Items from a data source
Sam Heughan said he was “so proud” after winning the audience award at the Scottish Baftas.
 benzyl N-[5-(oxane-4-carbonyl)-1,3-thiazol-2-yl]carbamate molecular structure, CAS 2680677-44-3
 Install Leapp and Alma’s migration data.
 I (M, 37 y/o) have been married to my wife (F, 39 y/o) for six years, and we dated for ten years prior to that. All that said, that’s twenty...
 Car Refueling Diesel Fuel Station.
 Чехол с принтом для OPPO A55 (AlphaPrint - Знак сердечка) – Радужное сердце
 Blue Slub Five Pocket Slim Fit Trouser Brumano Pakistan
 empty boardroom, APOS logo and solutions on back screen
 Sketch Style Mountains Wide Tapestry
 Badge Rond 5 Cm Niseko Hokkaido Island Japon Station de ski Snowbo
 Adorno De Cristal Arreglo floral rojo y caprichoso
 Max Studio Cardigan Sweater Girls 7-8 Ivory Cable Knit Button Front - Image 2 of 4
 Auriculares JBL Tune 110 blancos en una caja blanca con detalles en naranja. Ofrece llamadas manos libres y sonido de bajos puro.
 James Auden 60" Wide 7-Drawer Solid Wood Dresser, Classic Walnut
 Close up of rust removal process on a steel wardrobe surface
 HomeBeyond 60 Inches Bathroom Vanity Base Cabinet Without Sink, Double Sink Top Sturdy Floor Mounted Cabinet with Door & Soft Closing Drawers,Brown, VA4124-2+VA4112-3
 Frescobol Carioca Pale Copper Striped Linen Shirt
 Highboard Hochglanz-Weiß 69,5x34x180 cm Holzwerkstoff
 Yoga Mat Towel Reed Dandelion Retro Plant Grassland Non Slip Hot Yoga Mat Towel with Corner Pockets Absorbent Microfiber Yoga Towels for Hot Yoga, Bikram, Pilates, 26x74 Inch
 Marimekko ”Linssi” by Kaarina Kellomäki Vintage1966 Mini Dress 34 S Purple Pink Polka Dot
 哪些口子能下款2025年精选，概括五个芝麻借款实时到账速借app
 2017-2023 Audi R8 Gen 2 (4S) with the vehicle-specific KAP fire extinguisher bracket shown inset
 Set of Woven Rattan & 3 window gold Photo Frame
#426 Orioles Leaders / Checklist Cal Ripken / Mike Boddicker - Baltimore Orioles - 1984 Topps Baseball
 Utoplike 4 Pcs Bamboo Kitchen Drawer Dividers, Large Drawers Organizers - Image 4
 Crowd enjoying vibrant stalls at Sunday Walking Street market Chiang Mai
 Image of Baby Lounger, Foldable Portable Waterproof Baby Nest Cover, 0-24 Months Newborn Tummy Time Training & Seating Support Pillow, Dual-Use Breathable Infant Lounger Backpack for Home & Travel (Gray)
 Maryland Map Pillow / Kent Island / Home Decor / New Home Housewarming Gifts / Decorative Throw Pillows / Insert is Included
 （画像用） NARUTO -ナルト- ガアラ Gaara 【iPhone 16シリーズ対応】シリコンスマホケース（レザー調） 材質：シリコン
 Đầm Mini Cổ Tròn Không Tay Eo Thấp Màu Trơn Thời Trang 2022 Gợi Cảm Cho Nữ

#### [ASSIGNMENT]
Retype, exactly and in full, the lines above from the one containing "Pink Polka Dot" through the one containing "#426 Orioles Leaders".

#### [WRITTEN REPLY]
 Marimekko ”Linssi” by Kaarina Kellomäki Vintage1966 Mini Dress 34 S Purple Pink Polka Dot
 哪些口子能下款2025年精选，概括五个芝麻借款实时到账速借app
 2017-2023 Audi R8 Gen 2 (4S) with the vehicle-specific KAP fire extinguisher bracket shown inset
 Set of Woven Rattan & 3 window gold Photo Frame
#426 Orioles Leaders / Checklist Cal Ripken / Mike Boddicker - Baltimore Orioles - 1984 Topps Baseball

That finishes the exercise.